Select toys for your child to play with. The key word in playroom is "play." Pick out age-appropriate playthings that your child can use while she spends time in her special room. The early education experts at the national child development organization Zero to Three suggest going with toys that your toddler can use in more than one way. For example, pick open-ended playthings such as blocks that your toddler can stack to make a building, line up to make her own train or use as pretend loaves of bread in a dramatic scene. Choose other toys that encourage creativity, such as dress-up clothes, and problem-solving, such as simple puzzles. Don't forget about toys that encourage physical or large motor skills, such as a pretend push mower or a mini plastic basketball hoop.
Stock the shelves with bins of themed or content-specific toys. Include art materials such as paper and markers or science activity toys such as plastic animals and magnifying glasses.

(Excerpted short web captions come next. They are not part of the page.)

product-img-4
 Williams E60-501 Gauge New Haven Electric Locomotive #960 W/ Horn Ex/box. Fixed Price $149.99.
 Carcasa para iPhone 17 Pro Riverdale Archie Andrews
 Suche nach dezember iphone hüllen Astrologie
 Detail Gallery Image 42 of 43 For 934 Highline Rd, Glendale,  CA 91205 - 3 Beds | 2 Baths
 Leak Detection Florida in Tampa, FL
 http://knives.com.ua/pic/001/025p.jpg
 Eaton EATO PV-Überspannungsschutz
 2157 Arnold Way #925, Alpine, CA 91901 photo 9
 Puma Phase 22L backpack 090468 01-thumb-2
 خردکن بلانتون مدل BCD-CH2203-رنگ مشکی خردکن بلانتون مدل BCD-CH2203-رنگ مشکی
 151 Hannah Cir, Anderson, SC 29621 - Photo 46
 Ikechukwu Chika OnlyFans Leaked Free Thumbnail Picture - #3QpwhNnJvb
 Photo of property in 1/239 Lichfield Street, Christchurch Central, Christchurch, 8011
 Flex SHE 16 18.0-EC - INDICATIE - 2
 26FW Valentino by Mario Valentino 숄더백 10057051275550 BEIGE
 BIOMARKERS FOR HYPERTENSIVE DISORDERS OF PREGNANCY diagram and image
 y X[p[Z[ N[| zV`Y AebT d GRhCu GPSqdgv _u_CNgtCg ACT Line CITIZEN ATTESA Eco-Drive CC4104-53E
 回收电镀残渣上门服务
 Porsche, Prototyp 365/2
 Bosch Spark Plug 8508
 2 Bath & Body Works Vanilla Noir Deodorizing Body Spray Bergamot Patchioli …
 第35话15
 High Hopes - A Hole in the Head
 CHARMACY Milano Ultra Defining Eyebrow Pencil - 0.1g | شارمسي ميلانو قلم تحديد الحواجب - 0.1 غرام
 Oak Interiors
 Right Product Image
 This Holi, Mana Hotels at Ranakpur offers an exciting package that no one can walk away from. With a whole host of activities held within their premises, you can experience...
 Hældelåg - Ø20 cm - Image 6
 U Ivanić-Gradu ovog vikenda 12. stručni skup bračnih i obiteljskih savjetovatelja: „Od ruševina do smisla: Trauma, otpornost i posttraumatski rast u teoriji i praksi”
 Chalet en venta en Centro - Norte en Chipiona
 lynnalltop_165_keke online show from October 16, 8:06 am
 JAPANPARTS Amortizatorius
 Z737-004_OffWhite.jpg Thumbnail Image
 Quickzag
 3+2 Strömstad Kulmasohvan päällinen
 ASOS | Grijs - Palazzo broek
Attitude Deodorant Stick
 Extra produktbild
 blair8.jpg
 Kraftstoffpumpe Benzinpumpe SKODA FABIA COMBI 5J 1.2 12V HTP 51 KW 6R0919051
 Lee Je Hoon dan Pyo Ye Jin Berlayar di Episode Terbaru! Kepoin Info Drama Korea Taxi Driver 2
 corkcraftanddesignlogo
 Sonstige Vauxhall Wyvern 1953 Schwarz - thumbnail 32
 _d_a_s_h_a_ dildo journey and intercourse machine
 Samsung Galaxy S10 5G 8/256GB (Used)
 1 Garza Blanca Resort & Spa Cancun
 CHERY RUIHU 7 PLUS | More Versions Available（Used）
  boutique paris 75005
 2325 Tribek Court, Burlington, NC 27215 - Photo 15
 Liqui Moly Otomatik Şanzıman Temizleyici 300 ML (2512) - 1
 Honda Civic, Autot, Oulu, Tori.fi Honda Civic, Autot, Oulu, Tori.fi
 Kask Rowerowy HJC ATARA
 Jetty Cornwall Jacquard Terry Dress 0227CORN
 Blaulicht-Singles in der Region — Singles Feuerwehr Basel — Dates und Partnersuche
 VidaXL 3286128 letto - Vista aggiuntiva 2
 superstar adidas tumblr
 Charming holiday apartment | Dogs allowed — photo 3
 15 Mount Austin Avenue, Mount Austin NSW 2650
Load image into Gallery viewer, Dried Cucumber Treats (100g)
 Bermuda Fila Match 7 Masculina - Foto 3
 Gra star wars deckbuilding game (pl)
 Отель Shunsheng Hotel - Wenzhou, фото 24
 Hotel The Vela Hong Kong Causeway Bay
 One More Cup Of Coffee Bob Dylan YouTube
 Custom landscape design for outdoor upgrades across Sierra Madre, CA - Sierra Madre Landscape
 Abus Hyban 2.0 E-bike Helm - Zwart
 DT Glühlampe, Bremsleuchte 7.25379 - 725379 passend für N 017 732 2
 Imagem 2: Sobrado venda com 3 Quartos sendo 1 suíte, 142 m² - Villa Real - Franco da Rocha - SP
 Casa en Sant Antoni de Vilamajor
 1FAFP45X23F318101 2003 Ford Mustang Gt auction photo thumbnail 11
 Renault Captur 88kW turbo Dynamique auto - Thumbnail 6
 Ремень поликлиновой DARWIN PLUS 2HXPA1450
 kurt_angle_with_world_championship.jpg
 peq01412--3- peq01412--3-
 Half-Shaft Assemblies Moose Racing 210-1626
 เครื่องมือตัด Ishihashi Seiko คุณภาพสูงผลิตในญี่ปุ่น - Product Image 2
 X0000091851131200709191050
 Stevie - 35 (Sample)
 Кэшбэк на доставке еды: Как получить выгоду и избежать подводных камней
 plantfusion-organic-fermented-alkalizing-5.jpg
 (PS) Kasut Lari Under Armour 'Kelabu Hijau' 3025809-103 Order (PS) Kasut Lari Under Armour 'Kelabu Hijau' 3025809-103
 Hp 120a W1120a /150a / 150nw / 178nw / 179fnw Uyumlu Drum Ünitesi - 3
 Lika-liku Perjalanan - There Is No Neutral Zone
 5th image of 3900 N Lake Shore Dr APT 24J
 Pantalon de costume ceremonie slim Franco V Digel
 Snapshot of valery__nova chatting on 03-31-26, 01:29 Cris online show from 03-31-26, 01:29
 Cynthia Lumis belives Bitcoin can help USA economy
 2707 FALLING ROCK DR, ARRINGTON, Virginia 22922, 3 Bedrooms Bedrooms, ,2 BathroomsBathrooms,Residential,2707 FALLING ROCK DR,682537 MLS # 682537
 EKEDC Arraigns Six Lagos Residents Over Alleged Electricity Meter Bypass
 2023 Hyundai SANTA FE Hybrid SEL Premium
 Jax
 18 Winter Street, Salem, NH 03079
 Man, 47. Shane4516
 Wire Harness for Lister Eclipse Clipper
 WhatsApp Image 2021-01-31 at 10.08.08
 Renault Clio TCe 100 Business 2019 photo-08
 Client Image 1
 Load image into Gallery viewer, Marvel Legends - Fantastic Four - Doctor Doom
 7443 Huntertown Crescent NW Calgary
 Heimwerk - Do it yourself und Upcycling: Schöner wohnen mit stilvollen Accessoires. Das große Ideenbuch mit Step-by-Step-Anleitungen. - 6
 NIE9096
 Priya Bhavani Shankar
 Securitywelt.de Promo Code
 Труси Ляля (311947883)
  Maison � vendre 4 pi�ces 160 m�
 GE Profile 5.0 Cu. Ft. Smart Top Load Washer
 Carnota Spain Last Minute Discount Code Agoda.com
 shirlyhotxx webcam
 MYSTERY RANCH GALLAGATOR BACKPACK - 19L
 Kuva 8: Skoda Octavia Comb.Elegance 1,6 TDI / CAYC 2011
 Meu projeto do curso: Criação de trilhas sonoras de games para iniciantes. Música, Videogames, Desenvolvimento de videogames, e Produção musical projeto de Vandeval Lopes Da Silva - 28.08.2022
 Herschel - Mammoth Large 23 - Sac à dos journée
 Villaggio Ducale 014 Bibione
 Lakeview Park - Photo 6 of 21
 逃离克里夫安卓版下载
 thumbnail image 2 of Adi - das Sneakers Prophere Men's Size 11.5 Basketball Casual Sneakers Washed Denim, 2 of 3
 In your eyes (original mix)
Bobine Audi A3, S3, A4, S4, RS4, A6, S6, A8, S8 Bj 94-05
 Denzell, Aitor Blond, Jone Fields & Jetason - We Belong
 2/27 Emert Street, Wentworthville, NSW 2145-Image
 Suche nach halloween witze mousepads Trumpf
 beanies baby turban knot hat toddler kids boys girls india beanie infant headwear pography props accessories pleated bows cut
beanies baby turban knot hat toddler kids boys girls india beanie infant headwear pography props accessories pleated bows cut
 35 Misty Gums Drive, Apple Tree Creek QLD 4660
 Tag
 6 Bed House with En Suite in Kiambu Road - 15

Child-proof your playroom. Plug covers into all of the electrical outlets, cover the ends and edges of shelves and other furniture with bumpers and put child safety locks on any cabinets or doors that you don't want your tot to get into. Secure all of the furniture -- such as shelving units -- to the walls with anchors or child-proofing straps. Make sure that all cords -- both electric and those on blinds -- are wound up and out of your toddler's reach.
Add your own library or reading corner into the playroom. While reading may not seem like play, it is a fun-filled activity for your toddler. Stock a low book shelf with picture and board books.
Keep the color scheme bright an friendly. Make the environment inviting for her to play in. Add a cute animal-themed wallpaper boarder or a wall stencil of her favorite character.
Always supervise your child at all times. Just because you create a child-proofed playroom doesn't mean that she can have full reign. The pediatric pros at the KidsHealth website note that the best way to keep your child safe is to closely supervise her.
Avoid any old or worn furniture. It may easily fall apart, injuring your child, or have peeling paint.